タプの行方……
「…………」
「…………」
「……何固まっているのよ……早く牢屋に戻りなさい!」
「はい! すいません!」
「…………」
ケイゴと296番がお互いを見ているようなないような状態をミナが言い、選別室から出る618と296。
「…………」
「…………」
無言の二人は、296を先頭としケイゴが付いていく形だ。
「…………」
……296番……これからは296さんと呼ぼう……彼女がいなければ、俺は今頃……
ケイゴは、296さんと呼ぼうと決めながらゆっくりとマイペースに歩く296さんの後ろ姿を眺めていた。
296さんは、ザッ! ムラサキ! と言うくらい濃い紫の色をした髪色で、体型は拒食症の末期と思われるくらいやせ細っていた。
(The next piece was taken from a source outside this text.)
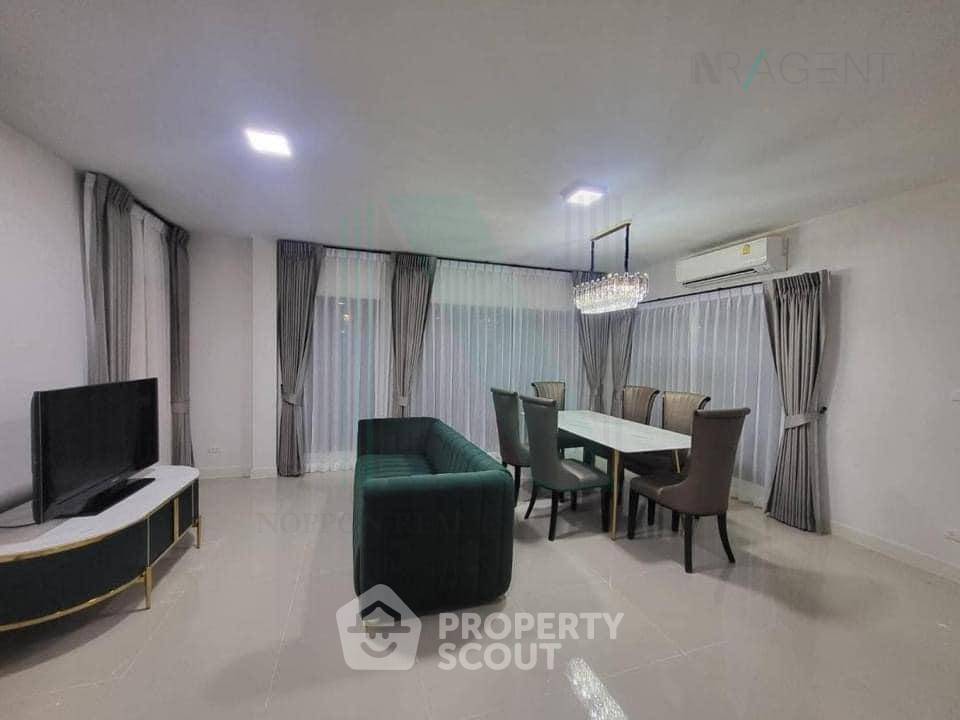 รูป ทาวน์เฮ้าส์ 4-ห้องนอน ที่ บ้านกลางเมือง รามอินทรา 83 สเตชั่น ใน รามอินทรา (ID 2974430) - รูปที่ 2/8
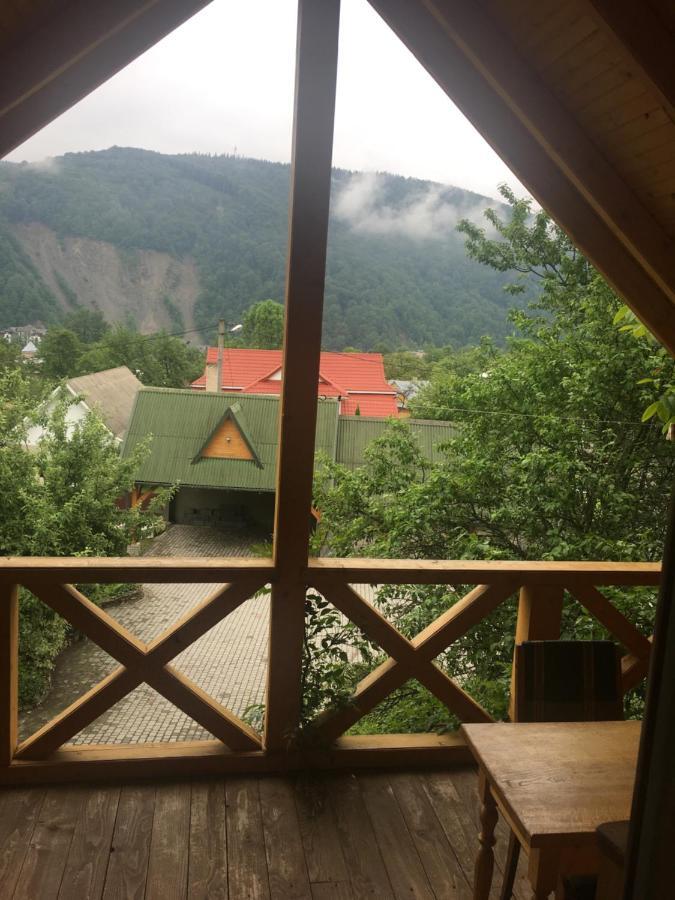 Guest House Zatishniy Dvir Яремча Экстерьер фото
身長は150より下ですごく小柄、168のケイゴから見ても小さくて、顔は髪を常に垂らしているストレートヘアなので見えない。
「…………」
……ちゃんと食べれてないのかなぁ……だってタプを一番稼いでいるのはきっとこの人だ……今回一番だった理由なんて、休まず働いている凄い人なんだから……ムッチリに太ってくれれば俺的にありなんじゃなかろうか……くそ! 俺は命の恩人に何そんな事考えているんだ! なんでいつもそう考えちゃうんだ俺は! ……これで美少女なら完璧ん……
馬鹿野郎!! 俺のバカヤローー!!
ケイゴは、自分の中の己の意思と戦っていた。
「…………」
296さんは、牢屋とは違う部屋に入っていく。
「…………」
……どこ行くんだ? 俺の牢屋場所分かんないから付いていくしかないんだけど……やっぱり脚の綺麗な美少女だった……ぬぉーー!!
ケイゴは、その後を頭を抱えながら追った。
「……早くよこせ、500銅タプ」
「…………」
296さんは、何か買い物をした。
ケイゴたちが入った部屋は、囚人たちで賑わうだだっ広い部屋で、食事したり、話し合っていたり、買い物をしている場所だった。
「…………」
296さんが買ったのは、瓶に液が入った何かだった。
「…………」
……なんだろう……栄養ドリンクか何か? 痩せすぎだからそう言うの飲んだほうがいいよな……ん? 何してるんだ?
「…………」
296さんは、瓶の蓋を開けようとしているようだ。
「…………」
ギリギリ……ギリギリ……ギリギリ……
「…………」
……開けられなさそうだな……よし……
「……あの、296さん……」
「…………」
ケイゴが呼ぶと、瓶を開けようとしながらこちらを見た。
「……自分が開けましょうか?」
ケイゴは、自分に指をさし、瓶を交互に指しながら笑顔で言う。
「…………」
296さんは、その姿のまま固まった。
「…………」
……ど、どうしたんだ? 嫌だったか? 顔色見れないからわっかんね!
ケイゴも、体制はそのままに笑顔を維持する。
「…………」
296さんは、ケイゴに瓶を渡した。
「……あ、はい、今開けます……ふん!!」
……うおーーー!! 恩返しとまでいかずとも! この瓶は必ず開けて見せるゼーー!! 296さん!! 囚人の力見せたるゼーー!!
「…ふん!! うふぉん!! ふんにゅう〜」
囚人デブの踏ん張る声が響く。
「…………」
296さんは、ジッと見つめているようなないような。
「…………ちょっと手汗が……」
ケイゴは、掌を交互にを服で拭いて再挑戦。
「スーー……ううう〜こんにゃろ〜めぇっ!! ふんん!!」
キュポーン!!
瓶の蓋が開いた。
「……はぁ、はぁ〜開きました……どうぞ」
……ヤベェ〜硬すぎだろ……こんなん、ガリガリの296さんじゃ無理だって! でも開いたからよし! ナイス俺!
ケイゴは、開いた瓶を肩で息をして笑顔で渡す。
「…………」
296さんは、頷いた後、両手で瓶を受け取りちょっとずつ口をつけて飲んで行った。
「…………」
髪で瓶が隠れてる……なんか可愛いかもしれん……愛玩動物的な?……またかチクショ! 命の恩人だぞ!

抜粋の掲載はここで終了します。